Task requirements:
Word for word, give every line of the listing again.
##########
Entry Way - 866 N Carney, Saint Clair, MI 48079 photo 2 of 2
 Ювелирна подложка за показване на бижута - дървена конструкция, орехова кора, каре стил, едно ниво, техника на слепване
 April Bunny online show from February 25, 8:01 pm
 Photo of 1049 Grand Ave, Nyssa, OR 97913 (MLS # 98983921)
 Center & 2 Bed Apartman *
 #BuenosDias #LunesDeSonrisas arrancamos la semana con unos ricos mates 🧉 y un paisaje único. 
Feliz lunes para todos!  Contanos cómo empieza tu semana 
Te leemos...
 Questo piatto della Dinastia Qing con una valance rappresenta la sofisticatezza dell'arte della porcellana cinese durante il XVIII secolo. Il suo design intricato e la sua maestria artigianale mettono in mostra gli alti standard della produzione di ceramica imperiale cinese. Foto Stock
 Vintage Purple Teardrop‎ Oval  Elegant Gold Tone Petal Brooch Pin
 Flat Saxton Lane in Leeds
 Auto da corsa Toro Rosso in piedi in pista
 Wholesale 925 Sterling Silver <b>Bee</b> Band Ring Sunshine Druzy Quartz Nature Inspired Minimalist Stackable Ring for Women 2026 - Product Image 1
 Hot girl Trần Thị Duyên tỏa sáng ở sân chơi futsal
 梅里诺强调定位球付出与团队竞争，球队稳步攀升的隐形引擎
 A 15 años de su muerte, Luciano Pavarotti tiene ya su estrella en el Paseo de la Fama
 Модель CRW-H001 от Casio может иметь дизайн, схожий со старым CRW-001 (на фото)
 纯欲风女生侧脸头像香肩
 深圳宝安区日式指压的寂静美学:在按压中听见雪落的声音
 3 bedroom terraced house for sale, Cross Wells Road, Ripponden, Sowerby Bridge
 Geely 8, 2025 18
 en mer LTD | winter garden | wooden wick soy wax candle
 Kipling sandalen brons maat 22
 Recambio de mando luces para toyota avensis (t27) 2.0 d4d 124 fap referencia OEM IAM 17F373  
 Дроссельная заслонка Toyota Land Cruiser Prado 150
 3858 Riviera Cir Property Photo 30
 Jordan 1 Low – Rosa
##########
Response below:
Entry Way - 866 N Carney, Saint Clair, MI 48079 photo 2 of 2
 Ювелирна подложка за показване на бижута - дървена конструкция, орехова кора, каре стил, едно ниво, техника на слепване
 April Bunny online show from February 25, 8:01 pm
 Photo of 1049 Grand Ave, Nyssa, OR 97913 (MLS # 98983921)
 Center & 2 Bed Apartman *
 #BuenosDias #LunesDeSonrisas arrancamos la semana con unos ricos mates 🧉 y un paisaje único. 
Feliz lunes para todos!  Contanos cómo empieza tu semana 
Te leemos...
 Questo piatto della Dinastia Qing con una valance rappresenta la sofisticatezza dell'arte della porcellana cinese durante il XVIII secolo. Il suo design intricato e la sua maestria artigianale mettono in mostra gli alti standard della produzione di ceramica imperiale cinese. Foto Stock
 Vintage Purple Teardrop‎ Oval  Elegant Gold Tone Petal Brooch Pin
 Flat Saxton Lane in Leeds
 Auto da corsa Toro Rosso in piedi in pista
 Wholesale 925 Sterling Silver <b>Bee</b> Band Ring Sunshine Druzy Quartz Nature Inspired Minimalist Stackable Ring for Women 2026 - Product Image 1
 Hot girl Trần Thị Duyên tỏa sáng ở sân chơi futsal
 梅里诺强调定位球付出与团队竞争，球队稳步攀升的隐形引擎
 A 15 años de su muerte, Luciano Pavarotti tiene ya su estrella en el Paseo de la Fama
 Модель CRW-H001 от Casio может иметь дизайн, схожий со старым CRW-001 (на фото)
 纯欲风女生侧脸头像香肩
 深圳宝安区日式指压的寂静美学:在按压中听见雪落的声音
 3 bedroom terraced house for sale, Cross Wells Road, Ripponden, Sowerby Bridge
 Geely 8, 2025 18
 en mer LTD | winter garden | wooden wick soy wax candle
 Kipling sandalen brons maat 22
 Recambio de mando luces para toyota avensis (t27) 2.0 d4d 124 fap referencia OEM IAM 17F373  
 Дроссельная заслонка Toyota Land Cruiser Prado 150
 3858 Riviera Cir Property Photo 30
 Jordan 1 Low – Rosa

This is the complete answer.